DESCRIPTION OF THE TASK: Restate each entry exactly, without pictures.

DATASET:

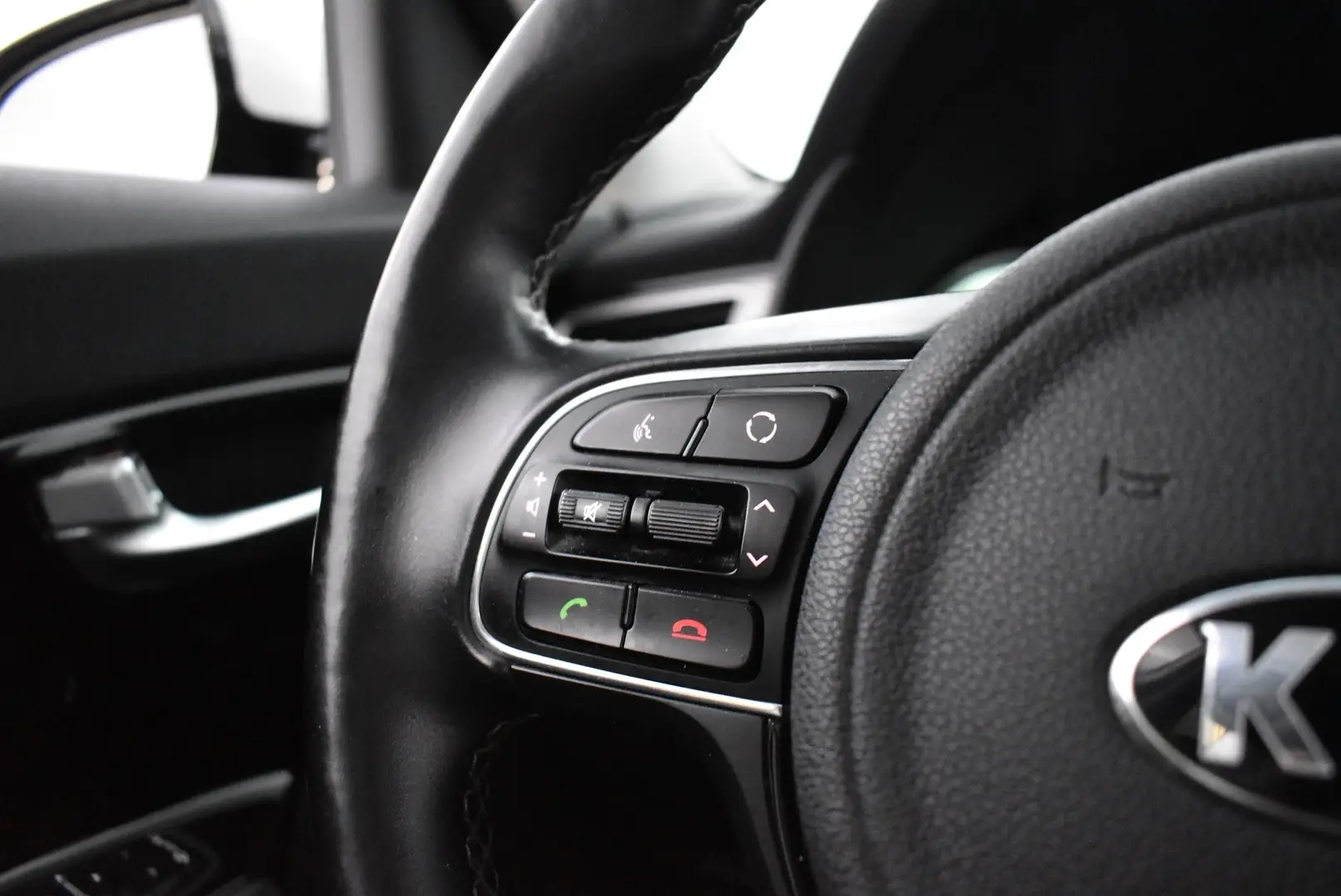 Car Image - 1Eif5s4d5EluTQso3DYCQH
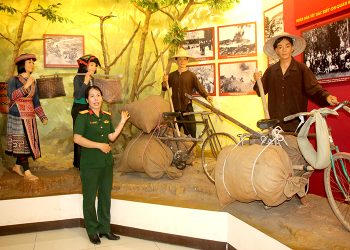 Trung tá Phạm Thị Kim Thúy – nhân viên tuyên truyền trưng bày, Bảo tàng Quân khu II giới thiệu về chiếc xe đạp thồ của đồng chí Ma Văn Thắng.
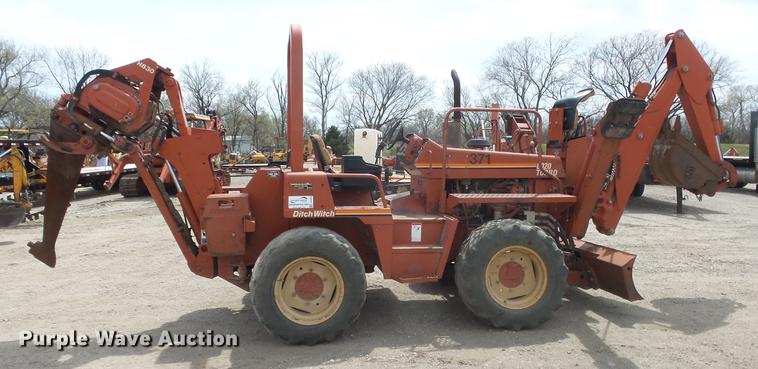 image for item DC3036 2000 Ditch Witch 8020 Turbo cable plow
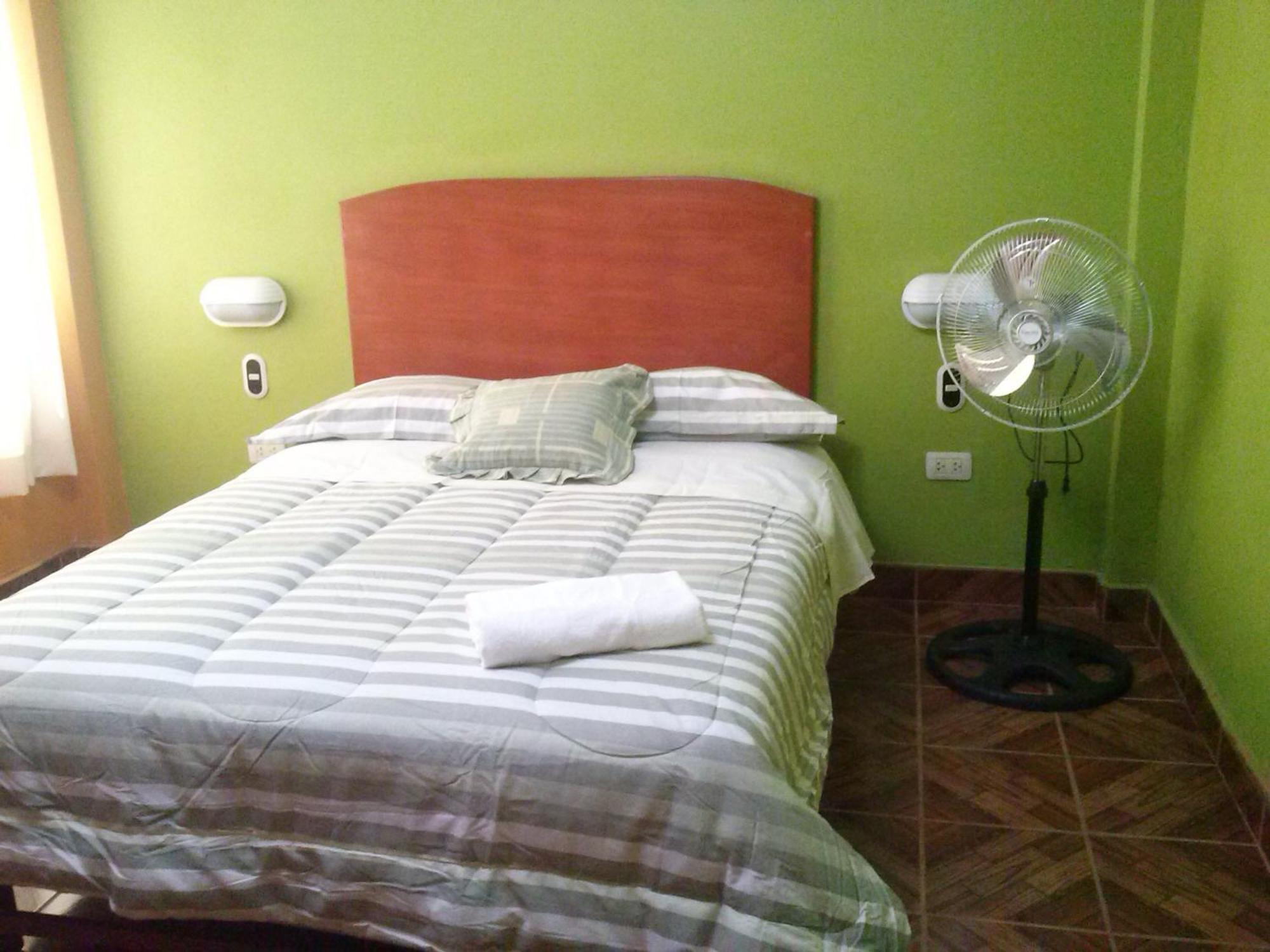 Hostal Real Alcazar Наска Стая снимка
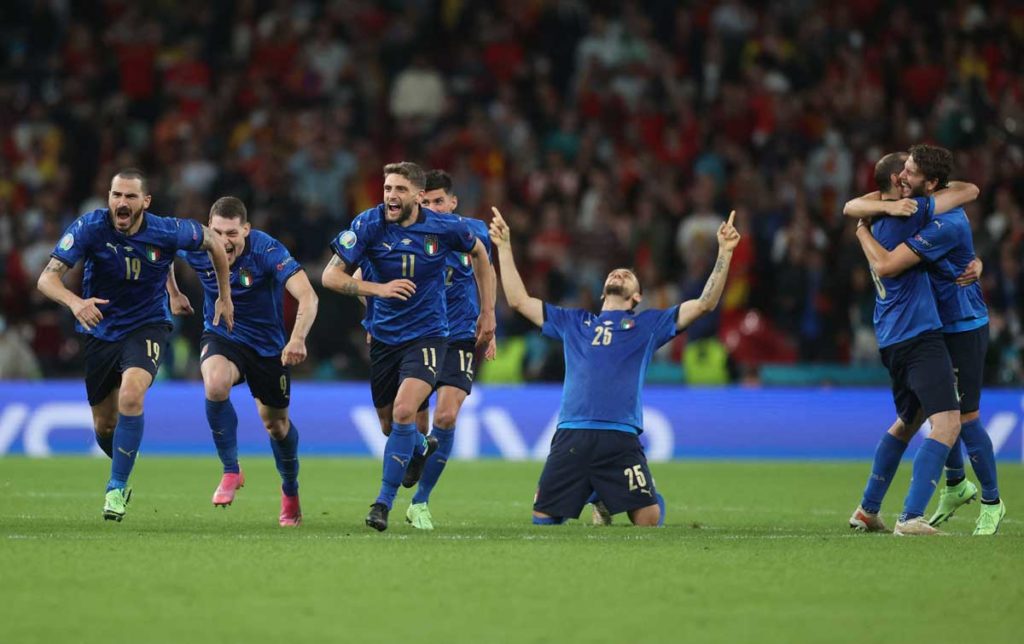 Italiens Spieler feiern nach dem Sieg im Halbfinalspiel der UEFA EURO 2020 zwischen Italien und Spanien im Wembley-Stadion in London am 6. Juli 2021. (Foto: CARL RECINE / POOL / AFP)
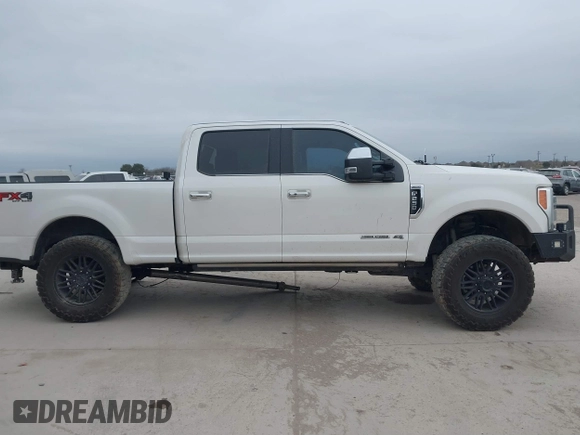 2017 Ford F-250 Lariat with VIN 1FT7W2BTXHEB52267, listed as a IAAI auction lot 41359500 with 187,467 mi miles and . Bid and sale history available at DreamBid. Image 14.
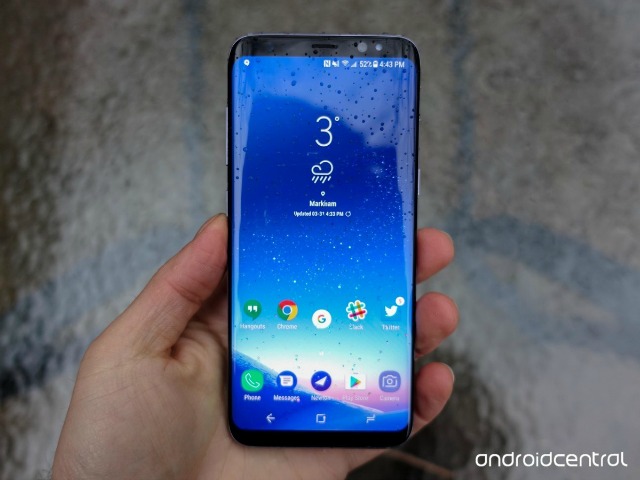 HOT: Samsung Galaxy S8 giảm giá 50%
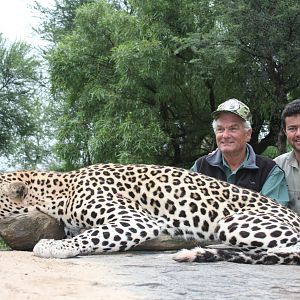 Hunting Leopard with Wintershoek Johnny Vivier Safaris in SA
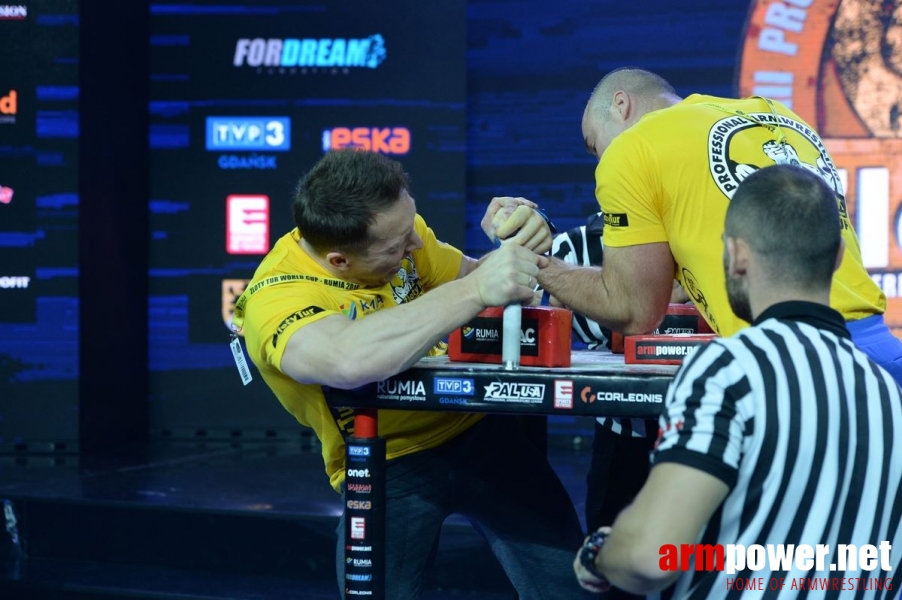 Zloty Tur 2016 - left hand by Mark Kazus # Armwrestling # Armpower.net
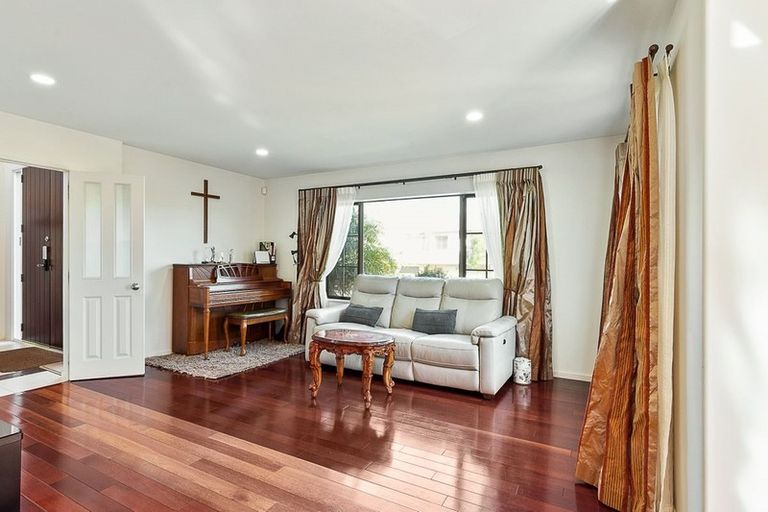 Photo of property in 16 Amaretto Avenue, Flat Bush, Auckland, 2019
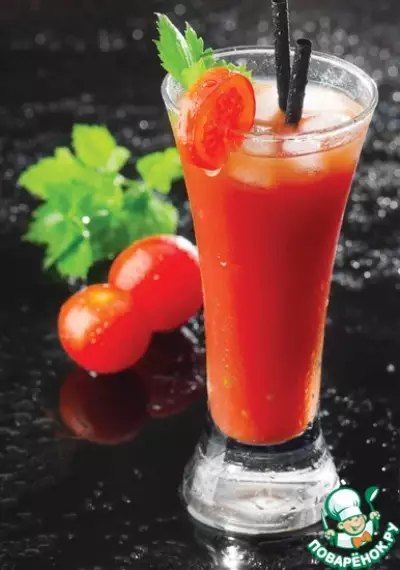 Сок из томатов черри со шпинатной пенкой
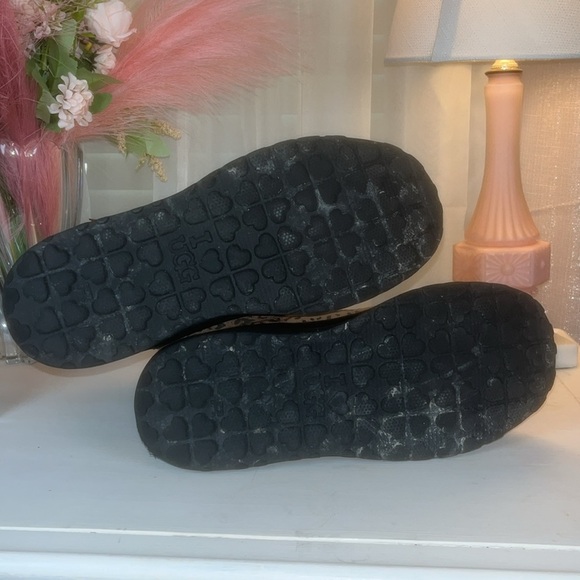 I Heart UGG Cheetah Print Bootie 8 - Picture 4 of 5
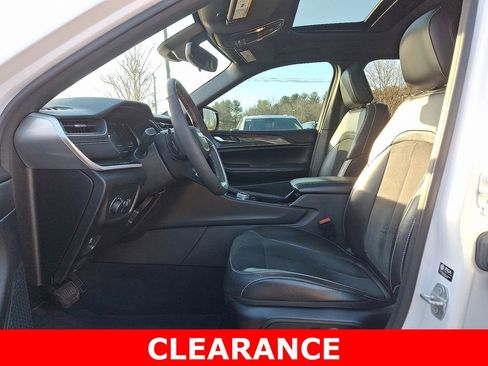 Used 2023 Jeep Grand Cherokee Altitude image 13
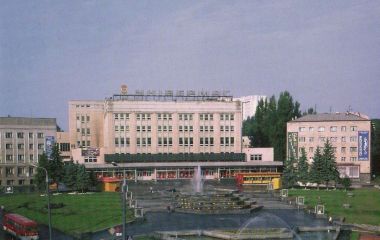 Час, коли ми були бідними мільйонерами. Розповідаємо, яким для вінничан видався 1994 рік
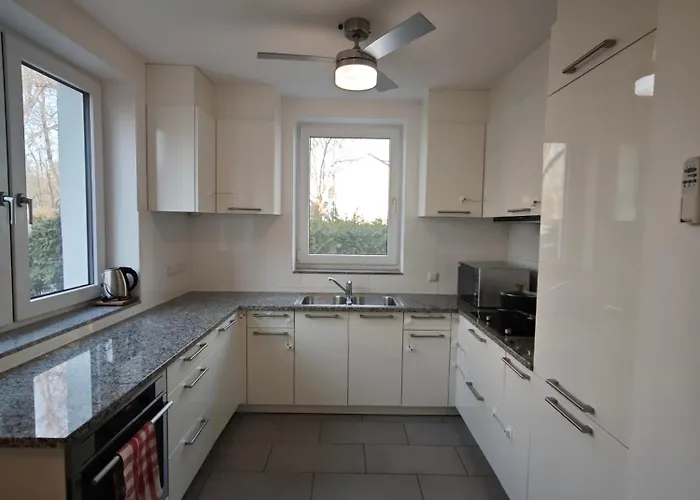 Traumhafte Mit Drei Schlafzimmer Dom wakacyjny Wiesbaden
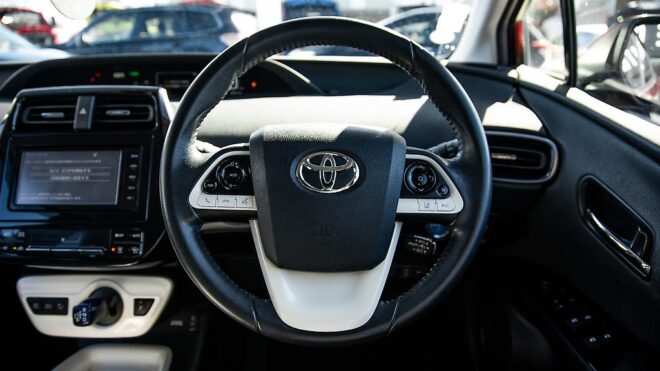 2016 Toyota Prius A Touring Selection, Top G Spec image 300185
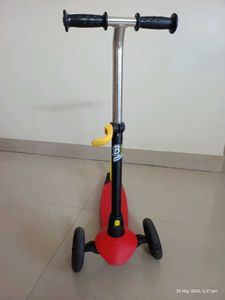 Decathlon Scooter - Kids (Adjustable)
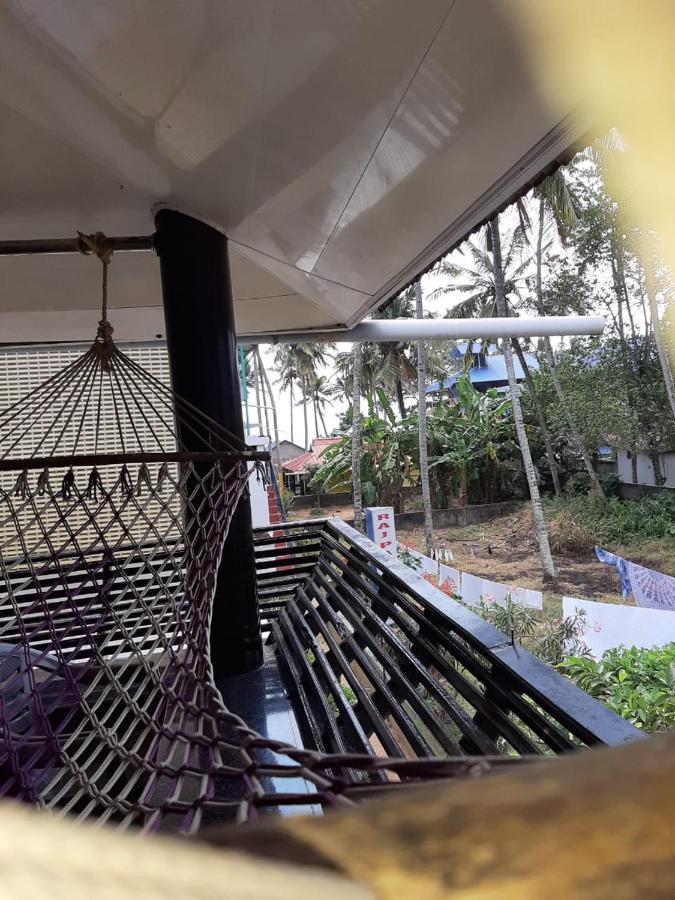 Отель Mummy Bamboo House Варкала Экстерьер фото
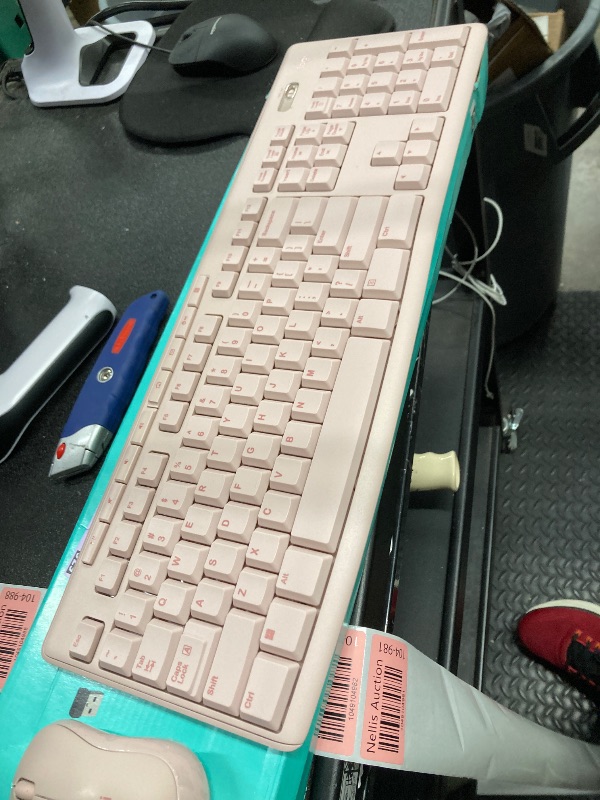 Photo 1 of ***(MISSING USB -OPEN BOX)*** 
Logitech MK270 Wireless Keyboard and Mouse Combo for Windows, 2.4 GHz, 8 Multimedia Keys, PC, Laptop, Wireless Keyboard Compact Mouse Combo - Rose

RESPONSE BELOW:
 Car Image - 1Eif5s4d5EluTQso3DYCQH
 Trung tá Phạm Thị Kim Thúy – nhân viên tuyên truyền trưng bày, Bảo tàng Quân khu II giới thiệu về chiếc xe đạp thồ của đồng chí Ma Văn Thắng.
 image for item DC3036 2000 Ditch Witch 8020 Turbo cable plow
 Hostal Real Alcazar Наска Стая снимка
 Italiens Spieler feiern nach dem Sieg im Halbfinalspiel der UEFA EURO 2020 zwischen Italien und Spanien im Wembley-Stadion in London am 6. Juli 2021. (Foto: CARL RECINE / POOL / AFP)
 2017 Ford F-250 Lariat with VIN 1FT7W2BTXHEB52267, listed as a IAAI auction lot 41359500 with 187,467 mi miles and . Bid and sale history available at DreamBid. Image 14.
 HOT: Samsung Galaxy S8 giảm giá 50%
 Hunting Leopard with Wintershoek Johnny Vivier Safaris in SA
 Zloty Tur 2016 - left hand by Mark Kazus # Armwrestling # Armpower.net
 Photo of property in 16 Amaretto Avenue, Flat Bush, Auckland, 2019
 Сок из томатов черри со шпинатной пенкой
 I Heart UGG Cheetah Print Bootie 8 - Picture 4 of 5
 Used 2023 Jeep Grand Cherokee Altitude image 13
 Час, коли ми були бідними мільйонерами. Розповідаємо, яким для вінничан видався 1994 рік
 Traumhafte Mit Drei Schlafzimmer Dom wakacyjny Wiesbaden
 2016 Toyota Prius A Touring Selection, Top G Spec image 300185
 Decathlon Scooter - Kids (Adjustable)
 Отель Mummy Bamboo House Варкала Экстерьер фото
 Photo 1 of ***(MISSING USB -OPEN BOX)*** 
Logitech MK270 Wireless Keyboard and Mouse Combo for Windows, 2.4 GHz, 8 Multimedia Keys, PC, Laptop, Wireless Keyboard Compact Mouse Combo - Rose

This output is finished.